Both men went for their guns. They were almighty fast, but Frank was faster. The Army Colt seemed to leap into his hand and become a part of him, an extension of his finger as it stabbed flame at the two men. Bob was blown over backwards as a small, blue-rimmed hole appeared in his forehead. Charlie, the bigger of the two, spun around and fell on his side in the dust. He never moved again.
In the moment of silence that followed, Frank slipped the gun back in the holster and walked into the jail, unbuckling the gun belt.

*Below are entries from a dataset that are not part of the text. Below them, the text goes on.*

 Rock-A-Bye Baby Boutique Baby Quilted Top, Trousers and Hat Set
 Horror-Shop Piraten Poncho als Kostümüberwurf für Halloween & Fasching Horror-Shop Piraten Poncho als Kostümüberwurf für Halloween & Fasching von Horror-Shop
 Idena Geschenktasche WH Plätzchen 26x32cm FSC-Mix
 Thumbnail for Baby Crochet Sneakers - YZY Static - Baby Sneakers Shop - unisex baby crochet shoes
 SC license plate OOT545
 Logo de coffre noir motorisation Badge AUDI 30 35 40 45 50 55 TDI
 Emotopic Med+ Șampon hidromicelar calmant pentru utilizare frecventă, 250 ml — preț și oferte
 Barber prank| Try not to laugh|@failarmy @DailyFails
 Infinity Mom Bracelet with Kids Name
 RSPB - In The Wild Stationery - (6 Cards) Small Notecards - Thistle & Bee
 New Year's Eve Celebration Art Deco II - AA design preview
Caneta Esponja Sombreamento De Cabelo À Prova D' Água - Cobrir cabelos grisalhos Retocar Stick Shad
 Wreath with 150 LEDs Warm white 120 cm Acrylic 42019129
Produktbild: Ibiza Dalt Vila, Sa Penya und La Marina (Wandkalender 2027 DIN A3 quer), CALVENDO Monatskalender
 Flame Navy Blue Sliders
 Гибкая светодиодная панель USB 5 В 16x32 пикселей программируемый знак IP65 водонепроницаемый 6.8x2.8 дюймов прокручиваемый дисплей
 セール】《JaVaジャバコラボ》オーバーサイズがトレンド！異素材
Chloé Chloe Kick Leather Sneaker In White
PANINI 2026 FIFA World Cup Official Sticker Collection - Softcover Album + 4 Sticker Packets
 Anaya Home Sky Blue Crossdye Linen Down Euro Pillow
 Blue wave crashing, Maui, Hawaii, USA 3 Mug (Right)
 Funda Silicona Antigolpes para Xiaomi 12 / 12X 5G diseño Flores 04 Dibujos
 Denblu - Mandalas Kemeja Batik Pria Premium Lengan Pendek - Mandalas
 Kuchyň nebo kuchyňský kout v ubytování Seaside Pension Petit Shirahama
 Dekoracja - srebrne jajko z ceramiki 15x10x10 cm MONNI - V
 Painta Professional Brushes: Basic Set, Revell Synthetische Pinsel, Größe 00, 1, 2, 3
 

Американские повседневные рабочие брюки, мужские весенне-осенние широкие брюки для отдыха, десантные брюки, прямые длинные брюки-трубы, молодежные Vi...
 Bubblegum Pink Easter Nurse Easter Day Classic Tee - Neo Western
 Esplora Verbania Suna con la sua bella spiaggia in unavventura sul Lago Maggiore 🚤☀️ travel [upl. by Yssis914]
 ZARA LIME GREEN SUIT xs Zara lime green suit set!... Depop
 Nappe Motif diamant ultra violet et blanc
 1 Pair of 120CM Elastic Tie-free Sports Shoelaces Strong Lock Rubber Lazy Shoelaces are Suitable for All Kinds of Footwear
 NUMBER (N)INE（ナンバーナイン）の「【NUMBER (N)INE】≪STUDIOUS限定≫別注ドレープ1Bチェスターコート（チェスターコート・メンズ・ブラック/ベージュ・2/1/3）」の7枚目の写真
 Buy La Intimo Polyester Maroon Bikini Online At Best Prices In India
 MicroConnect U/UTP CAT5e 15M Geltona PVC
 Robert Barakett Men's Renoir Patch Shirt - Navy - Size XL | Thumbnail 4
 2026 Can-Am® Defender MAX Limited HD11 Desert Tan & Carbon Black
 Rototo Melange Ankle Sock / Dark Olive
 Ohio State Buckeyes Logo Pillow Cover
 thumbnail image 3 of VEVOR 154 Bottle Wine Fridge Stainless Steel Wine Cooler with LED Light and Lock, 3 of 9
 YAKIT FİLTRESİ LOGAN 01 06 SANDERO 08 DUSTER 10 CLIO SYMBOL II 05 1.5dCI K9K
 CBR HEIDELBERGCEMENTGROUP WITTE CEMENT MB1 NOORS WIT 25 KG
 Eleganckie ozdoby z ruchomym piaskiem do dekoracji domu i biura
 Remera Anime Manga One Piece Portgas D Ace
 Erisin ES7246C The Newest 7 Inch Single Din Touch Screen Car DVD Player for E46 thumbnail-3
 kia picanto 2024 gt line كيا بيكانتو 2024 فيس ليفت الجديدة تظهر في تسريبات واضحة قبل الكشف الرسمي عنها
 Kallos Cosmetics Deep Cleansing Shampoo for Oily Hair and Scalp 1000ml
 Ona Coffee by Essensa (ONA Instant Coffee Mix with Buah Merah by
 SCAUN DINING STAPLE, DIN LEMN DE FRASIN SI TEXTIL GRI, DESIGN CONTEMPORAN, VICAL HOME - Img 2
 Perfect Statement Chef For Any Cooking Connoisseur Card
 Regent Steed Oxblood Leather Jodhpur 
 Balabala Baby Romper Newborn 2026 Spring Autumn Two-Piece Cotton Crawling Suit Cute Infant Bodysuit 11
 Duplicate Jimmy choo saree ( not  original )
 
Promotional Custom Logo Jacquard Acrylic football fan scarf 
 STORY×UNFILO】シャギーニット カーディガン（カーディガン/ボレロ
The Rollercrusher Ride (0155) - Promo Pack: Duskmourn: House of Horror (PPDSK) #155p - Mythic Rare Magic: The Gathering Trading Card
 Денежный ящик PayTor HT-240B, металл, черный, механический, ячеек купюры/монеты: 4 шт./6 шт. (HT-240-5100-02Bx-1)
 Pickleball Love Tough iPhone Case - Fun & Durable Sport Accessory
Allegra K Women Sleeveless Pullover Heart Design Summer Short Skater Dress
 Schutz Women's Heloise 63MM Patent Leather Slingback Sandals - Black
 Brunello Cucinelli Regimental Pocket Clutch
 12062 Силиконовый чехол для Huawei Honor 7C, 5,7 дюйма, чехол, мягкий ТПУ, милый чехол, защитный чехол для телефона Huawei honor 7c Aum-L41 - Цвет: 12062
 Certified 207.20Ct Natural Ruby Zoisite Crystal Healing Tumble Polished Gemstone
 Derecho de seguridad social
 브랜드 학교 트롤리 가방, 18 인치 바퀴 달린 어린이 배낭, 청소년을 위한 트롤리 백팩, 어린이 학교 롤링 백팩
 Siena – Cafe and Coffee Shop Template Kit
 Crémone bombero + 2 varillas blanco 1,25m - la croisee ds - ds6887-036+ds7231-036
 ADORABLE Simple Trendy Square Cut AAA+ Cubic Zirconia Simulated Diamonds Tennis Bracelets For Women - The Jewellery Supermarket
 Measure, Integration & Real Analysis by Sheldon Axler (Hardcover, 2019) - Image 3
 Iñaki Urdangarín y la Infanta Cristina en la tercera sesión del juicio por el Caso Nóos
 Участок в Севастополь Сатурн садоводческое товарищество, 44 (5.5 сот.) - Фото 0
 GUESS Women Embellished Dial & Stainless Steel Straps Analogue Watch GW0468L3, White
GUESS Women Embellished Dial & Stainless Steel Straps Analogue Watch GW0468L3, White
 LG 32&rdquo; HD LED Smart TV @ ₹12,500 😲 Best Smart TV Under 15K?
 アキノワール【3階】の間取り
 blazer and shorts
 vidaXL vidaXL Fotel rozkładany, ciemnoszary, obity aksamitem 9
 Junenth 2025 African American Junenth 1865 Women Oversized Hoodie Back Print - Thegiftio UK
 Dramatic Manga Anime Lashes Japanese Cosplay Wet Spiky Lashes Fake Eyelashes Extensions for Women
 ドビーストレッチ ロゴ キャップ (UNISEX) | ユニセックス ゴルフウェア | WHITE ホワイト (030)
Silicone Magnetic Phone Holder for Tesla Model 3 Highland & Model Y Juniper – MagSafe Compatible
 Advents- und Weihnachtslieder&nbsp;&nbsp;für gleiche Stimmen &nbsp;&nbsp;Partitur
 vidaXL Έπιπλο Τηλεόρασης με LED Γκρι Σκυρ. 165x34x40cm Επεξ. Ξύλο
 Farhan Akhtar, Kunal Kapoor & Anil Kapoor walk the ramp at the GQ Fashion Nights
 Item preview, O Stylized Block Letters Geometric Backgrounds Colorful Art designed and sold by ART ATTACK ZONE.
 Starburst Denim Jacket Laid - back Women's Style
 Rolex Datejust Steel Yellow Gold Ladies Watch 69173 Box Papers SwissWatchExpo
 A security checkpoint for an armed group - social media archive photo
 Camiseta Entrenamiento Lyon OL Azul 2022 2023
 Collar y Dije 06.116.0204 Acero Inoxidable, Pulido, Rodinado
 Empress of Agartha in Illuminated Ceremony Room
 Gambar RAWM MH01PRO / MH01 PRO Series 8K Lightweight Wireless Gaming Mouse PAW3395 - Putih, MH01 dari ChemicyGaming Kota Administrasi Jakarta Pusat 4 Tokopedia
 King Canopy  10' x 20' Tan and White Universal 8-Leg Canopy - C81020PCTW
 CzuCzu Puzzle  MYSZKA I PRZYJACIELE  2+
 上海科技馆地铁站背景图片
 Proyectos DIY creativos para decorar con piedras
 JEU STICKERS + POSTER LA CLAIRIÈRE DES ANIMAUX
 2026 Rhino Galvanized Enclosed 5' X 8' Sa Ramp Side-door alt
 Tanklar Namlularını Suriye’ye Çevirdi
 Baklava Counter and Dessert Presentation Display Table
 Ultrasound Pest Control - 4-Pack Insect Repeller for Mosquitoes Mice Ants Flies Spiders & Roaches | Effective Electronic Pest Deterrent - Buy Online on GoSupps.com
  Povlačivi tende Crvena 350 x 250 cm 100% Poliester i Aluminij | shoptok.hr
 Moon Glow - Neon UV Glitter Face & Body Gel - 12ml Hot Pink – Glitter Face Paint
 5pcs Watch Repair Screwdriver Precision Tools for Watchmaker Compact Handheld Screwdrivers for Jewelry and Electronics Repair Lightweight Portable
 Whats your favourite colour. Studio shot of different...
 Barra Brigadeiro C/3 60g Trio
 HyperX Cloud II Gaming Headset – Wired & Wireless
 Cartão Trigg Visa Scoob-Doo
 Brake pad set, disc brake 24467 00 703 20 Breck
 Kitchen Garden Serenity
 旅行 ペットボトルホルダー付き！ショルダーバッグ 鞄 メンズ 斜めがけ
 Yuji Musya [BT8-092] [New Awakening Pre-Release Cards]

Frank James didn’t give Pa any trouble when he got home about noon. He gave himself up and went to trial for the murder of Robert and Charles Ford, brothers who some say had been with the James gang in its heyday. A jury in Laclede County acquitted Frank and he was finally pardoned by the Governor for his earlier crimes. A number of local folks testified that Jesse and Frank had lived good lives after they quit robbin’. Frank himself explained that he and Jesse had made a pact, never to touch a gun again. They crossed their gun belts and agreed to leave them on the wall of Jesse’s house as a reminder of their pact.
“The only thing I regretted about killing the Fords was that I broke my word to Jesse,” Frank had said at the trial.
* * *
My grandpa would end his story by asking, “And what ever happened to the guns of Jesse and Frank James?”
Then he would point to the far wall. “There they are, crossed just the way they were when I first saw ’em.”